Even so the 13th Amendment rectified the purposely left loopholes to allow one of the most barbaric practices in US History. So how do rectify your argument that precedence would lead to continued slavery considering the 13th Amendment? Should we just go back to just yelling red herring or calling people “intellectually dishonest” when they have a different opinion?

Tommycat
04-08-2011, 10:23 AM
Yes, the SC has been pretty political. They've been divided along party lines with exception to I think one justice that has broken with his party... occasionally.

Actually the 13th amendment did not stop the practice of indentured servitude.

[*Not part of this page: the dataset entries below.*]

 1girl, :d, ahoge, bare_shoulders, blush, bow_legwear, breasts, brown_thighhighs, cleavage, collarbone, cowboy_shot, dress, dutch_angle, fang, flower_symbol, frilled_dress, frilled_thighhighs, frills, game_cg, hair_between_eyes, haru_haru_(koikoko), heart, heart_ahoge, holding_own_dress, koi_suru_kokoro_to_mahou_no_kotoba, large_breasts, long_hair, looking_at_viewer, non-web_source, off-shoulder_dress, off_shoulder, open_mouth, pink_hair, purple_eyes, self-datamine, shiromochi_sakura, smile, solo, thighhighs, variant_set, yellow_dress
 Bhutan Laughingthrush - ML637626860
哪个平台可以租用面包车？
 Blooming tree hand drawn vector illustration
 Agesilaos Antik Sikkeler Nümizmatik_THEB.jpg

That was finally made illegal by the Trafficking Victims Protection Act of 2000... um... ouch....

Following the civil war many people both black and white found themselves broke, and hungry. So while they were technically free, they were free to sign themselves right back into the same situation.

mimartin
04-08-2011, 10:50 AM
Actually the 13th amendment did not stop the practice of indentured servitude. Nice information if the discussion was about indentured servants. However, I was answering the question based on slavery not indentured servants.

Tommycat
04-08-2011, 10:52 AM
Nice information if the discussion was about indentured servants. However, I was answering the question based on slavery not indentured servants.
Just saying that indentured servitude was pretty much a new slavery, just with a prettier name. Besides, I think if you read his statement, the answer is in itself... if we were slaves to X there would still be slaves

At any rate, no point in going on about slavery and what not as that is WAAAAAY tangential to this discussion....

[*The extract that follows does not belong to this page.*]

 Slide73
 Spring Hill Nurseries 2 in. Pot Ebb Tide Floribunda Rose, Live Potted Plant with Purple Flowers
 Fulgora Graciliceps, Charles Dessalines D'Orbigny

As I said, in as much as it is the parent's choice to send the child to a private school, there is no reason the parent's choice should be taxed more because that private school is religious.

mimartin
04-08-2011, 11:03 AM
Not saying indentured servitude is ethically superior to slavery. Just there is a difference between the two. Not going into detail because I know that will lead to another trivial fact being pointed out that really has nothing to do with the topic.

Tommycat
04-09-2011, 12:59 PM
Talking with a couple friends of mine reminded me of this topic. The law allows up to $500 tax credit for individuals($1000 for couples) for donations to school tuition organizations. The law isn't even specific to religious tuition organizations. It's more like how your donations to church can be written off. Or your donations to World Wildlife Foundation... It's another charitable donation. If you want you can donate to the atheist preachers school fund that only provides tuition assistance to atheist schools.

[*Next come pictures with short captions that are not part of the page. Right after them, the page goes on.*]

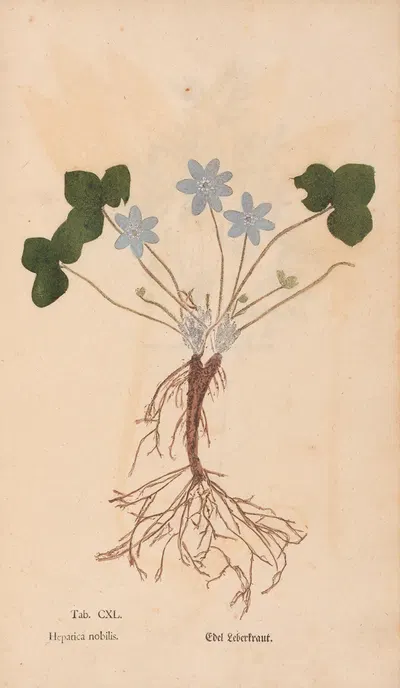 Ectypa vegetabilium Pl.140 by Christian Gottlieb Ludwig, 1760-1764 — digital art print download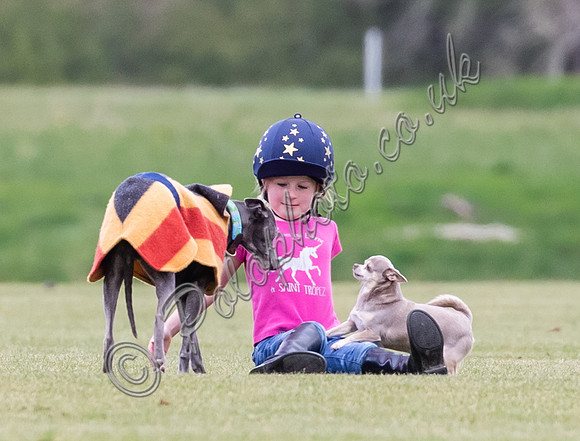 "Little Foxes" with polo dogs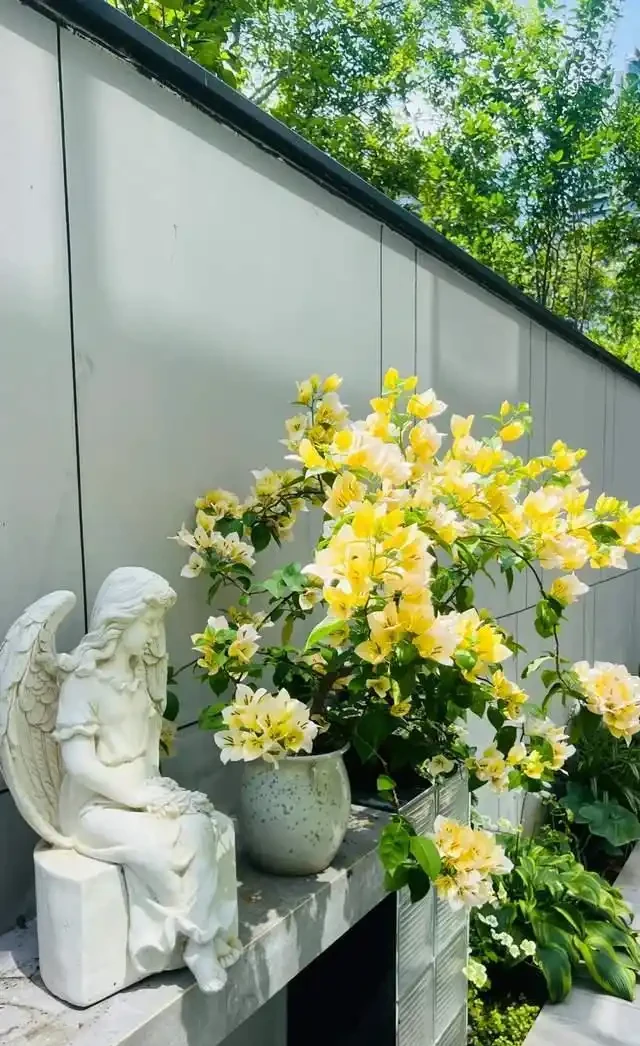 這10種「勤花」九重葛,全年開不停,看看你入手了幾種?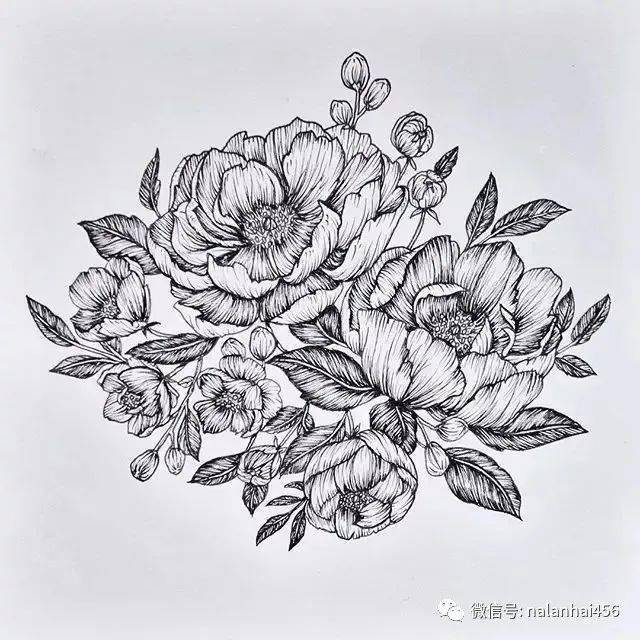 手绘的效果非常的出彩 线条清晰,流畅,果敢 疏密得当,黑白灰韵律感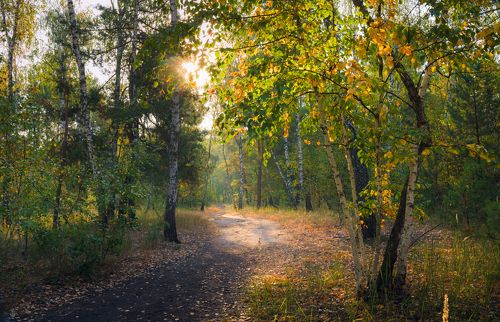 Обласкан светом лес осенний, сентябрь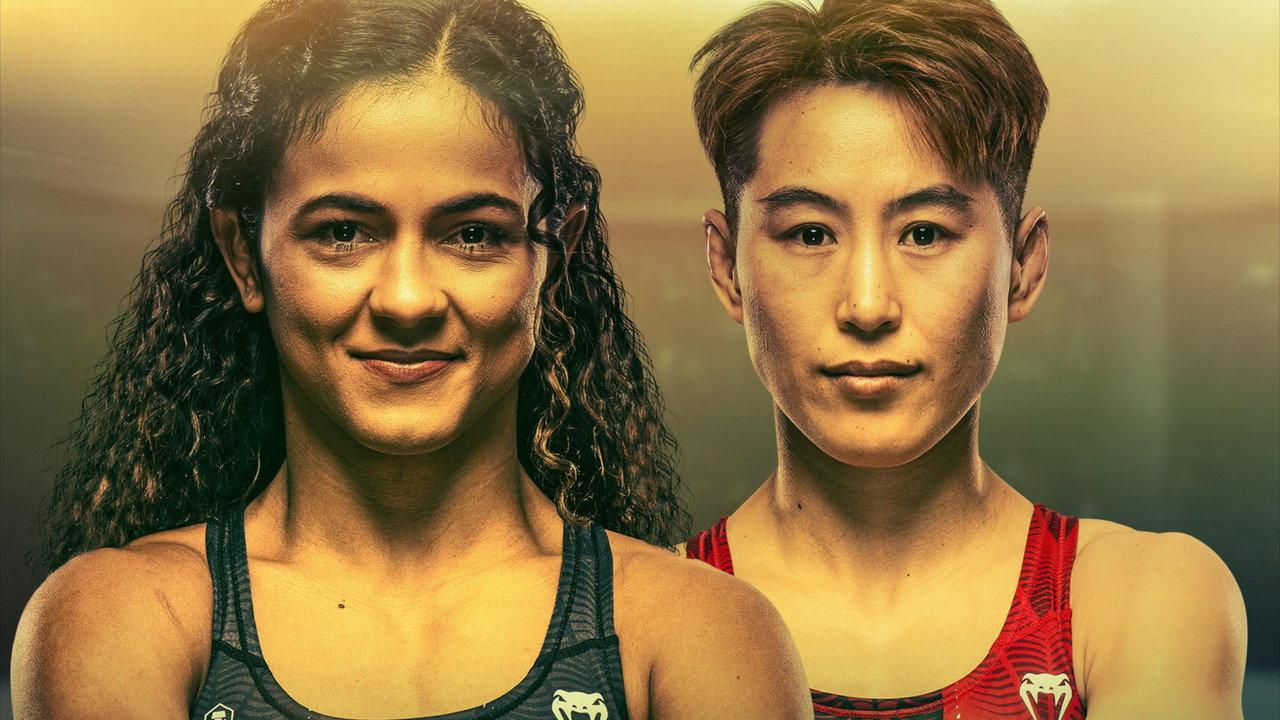 UFC 332: Silva vs. Wang backdrop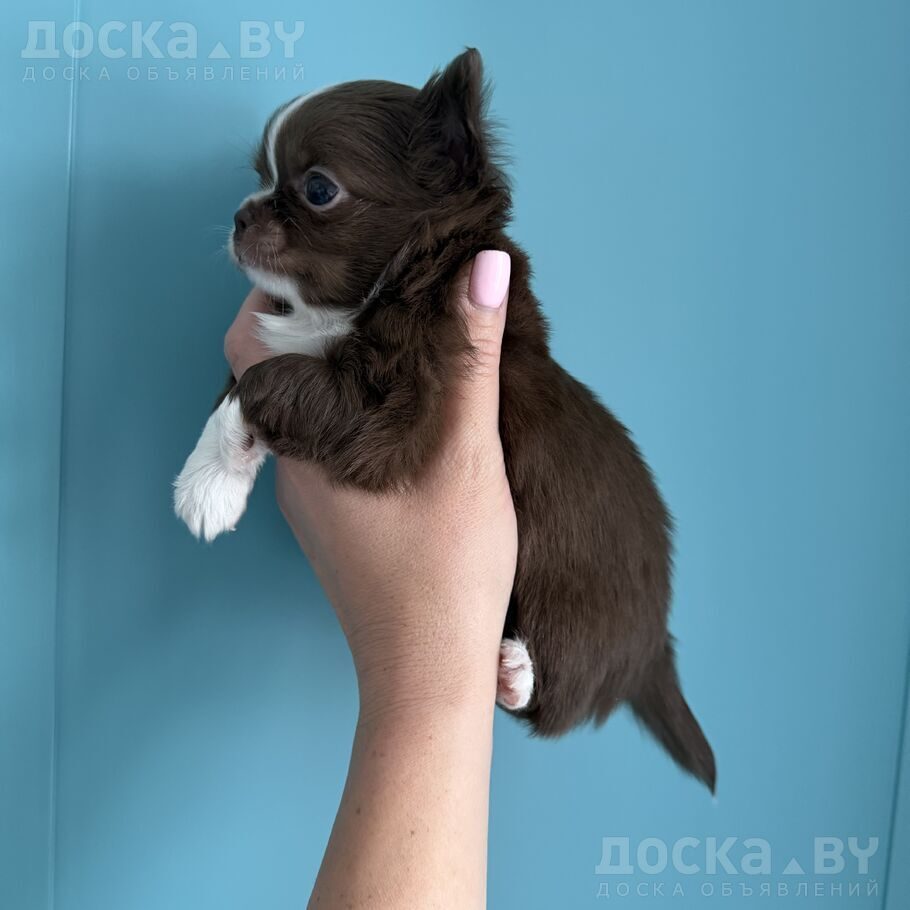Чихуа-хуа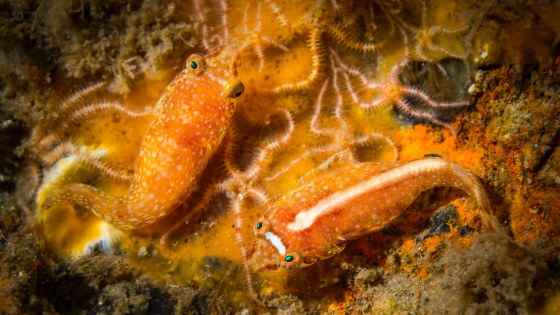 4459_UvD_170621_Zuignapvisjes_De Grote Slak_Doggersbank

So again, where's the establishment? This tax break is based on your donation to a school tuition fund. There is no specification based on religion, other than to allow it. It does not only benefit one religion. It isn't even limited to religious funds at all. So please tell me how this violates the First amendment in the least?

mimartin
04-09-2011, 01:15 PM
Already stated why and also showed that this case was not ruled the way it was because it or did not did not violate the establishment clause. It was ruled the way it was because according the majority of judges taxpayers do not have a right to decide how their tax dollars are spent. Yes, they are spending tax dollars because the tax credit means there is that much less money in the state’s coffers.

Tommycat
04-09-2011, 04:22 PM
No, I want to have you explain how a law that is NOT specific to religious donations somehow violates the First Amendment since it is VERY clear that this law gives a tax credit to people who donate to a school tuition fund(including non-religious as well as religious). I want to understand how people choosing the fund to donate to can be a violation when charitable donations are tax write-offs to begin with.